Pingback: Tweets that mention Kill Your Darlings • Extract – Emily Maguire, ‘The Invisible Women: Carers in Australian Families’ -- Topsy.com
5:05 pm, January 18, 2011
This is a lightly written but still devastating article… I will think much more about it. However, I thought I would draw out something that troubled me, although I think that my concern is definitely yours as well.
You quote “Abel” who “points out that, while the obligation to perform care work has often reduced women’s independence in terms of physical and economic freedom, it could also be – to use a very modern term – empowering because of the skills acquired, the inner strength drawn on and the resourcefulness developed.”
I worry that this is something of a dangerous reversal, valuing what has been undervalued without questioning the apparent rightness of women being such isolated doers-of-good. These skills might be acquired but they are not acknowledged as professional, and inner strength is drawn on and resourcefulness developed because they have to be, because they are the only alternative, in the case of such a total lack of support.
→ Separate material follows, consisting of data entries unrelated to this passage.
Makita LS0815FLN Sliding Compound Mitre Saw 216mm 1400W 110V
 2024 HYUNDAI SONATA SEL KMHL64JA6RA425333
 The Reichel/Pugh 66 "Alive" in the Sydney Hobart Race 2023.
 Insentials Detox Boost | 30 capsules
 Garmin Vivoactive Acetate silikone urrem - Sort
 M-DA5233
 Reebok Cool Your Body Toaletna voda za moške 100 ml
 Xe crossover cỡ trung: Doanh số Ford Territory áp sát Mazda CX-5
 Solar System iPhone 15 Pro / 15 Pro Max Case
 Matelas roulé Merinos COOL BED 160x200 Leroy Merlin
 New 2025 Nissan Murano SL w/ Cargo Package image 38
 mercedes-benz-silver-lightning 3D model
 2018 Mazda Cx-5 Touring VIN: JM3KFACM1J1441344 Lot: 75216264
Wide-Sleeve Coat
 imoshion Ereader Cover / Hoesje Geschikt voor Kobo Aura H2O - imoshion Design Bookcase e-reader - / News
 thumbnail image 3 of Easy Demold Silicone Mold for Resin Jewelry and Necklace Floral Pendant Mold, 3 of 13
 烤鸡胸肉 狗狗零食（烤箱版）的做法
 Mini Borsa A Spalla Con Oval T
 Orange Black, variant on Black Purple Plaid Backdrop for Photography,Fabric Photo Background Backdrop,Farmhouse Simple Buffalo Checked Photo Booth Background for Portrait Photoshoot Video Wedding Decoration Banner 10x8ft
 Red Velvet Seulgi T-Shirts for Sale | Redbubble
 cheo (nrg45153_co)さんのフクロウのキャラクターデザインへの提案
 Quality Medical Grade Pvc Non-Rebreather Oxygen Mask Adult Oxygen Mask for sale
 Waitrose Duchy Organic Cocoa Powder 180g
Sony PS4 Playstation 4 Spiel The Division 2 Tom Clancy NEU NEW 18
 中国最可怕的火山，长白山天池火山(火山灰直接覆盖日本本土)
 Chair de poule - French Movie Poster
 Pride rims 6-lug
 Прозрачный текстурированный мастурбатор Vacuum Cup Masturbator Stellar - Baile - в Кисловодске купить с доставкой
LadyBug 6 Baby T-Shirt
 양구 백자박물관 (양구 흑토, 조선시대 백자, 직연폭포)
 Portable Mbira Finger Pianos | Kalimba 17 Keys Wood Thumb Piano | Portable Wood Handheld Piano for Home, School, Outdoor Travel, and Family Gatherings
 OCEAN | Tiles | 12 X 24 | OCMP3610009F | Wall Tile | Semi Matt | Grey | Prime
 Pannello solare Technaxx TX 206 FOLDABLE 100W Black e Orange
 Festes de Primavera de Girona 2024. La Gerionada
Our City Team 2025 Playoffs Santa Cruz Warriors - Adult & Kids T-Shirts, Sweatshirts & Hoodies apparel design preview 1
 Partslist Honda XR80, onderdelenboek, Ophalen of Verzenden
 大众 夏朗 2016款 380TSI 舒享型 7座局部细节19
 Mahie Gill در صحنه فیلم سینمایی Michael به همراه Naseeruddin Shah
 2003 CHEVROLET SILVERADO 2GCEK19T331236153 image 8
It shows your subject’s achievement when you say that “She has done what she had to do, changing in the process from ‘a timid little thing’ to a woman with so much knowledge and experience in navigating the system that others turn to her for help” – but again, the kind of help she can offer, informally, to others, is part of an invisible economy of exchange – the very fact of working around a shaky system, in one sense supports the inadequate system and allows it to continue and to stretch itself just a little bit more thin. Dawn says, “You only find out through word of mouth, because someone else has gone through it and tells everyone” – this is, in one sense, the only practical way to find out things that are fundamentally necessary to the individuals in the situation, but in another way it is an alternative to agitating for change … I am not demanding anything else of these carers! But it is another way to look at it.
Also I can’t tell you how much it struck me that Dawn says “Obviously, there are people out there who need it more and so I just put up with it.” It is a case of sympathy for others’ situations leading away from political change instead of towards it… but I can understand and honour the sentiment so much nonetheless.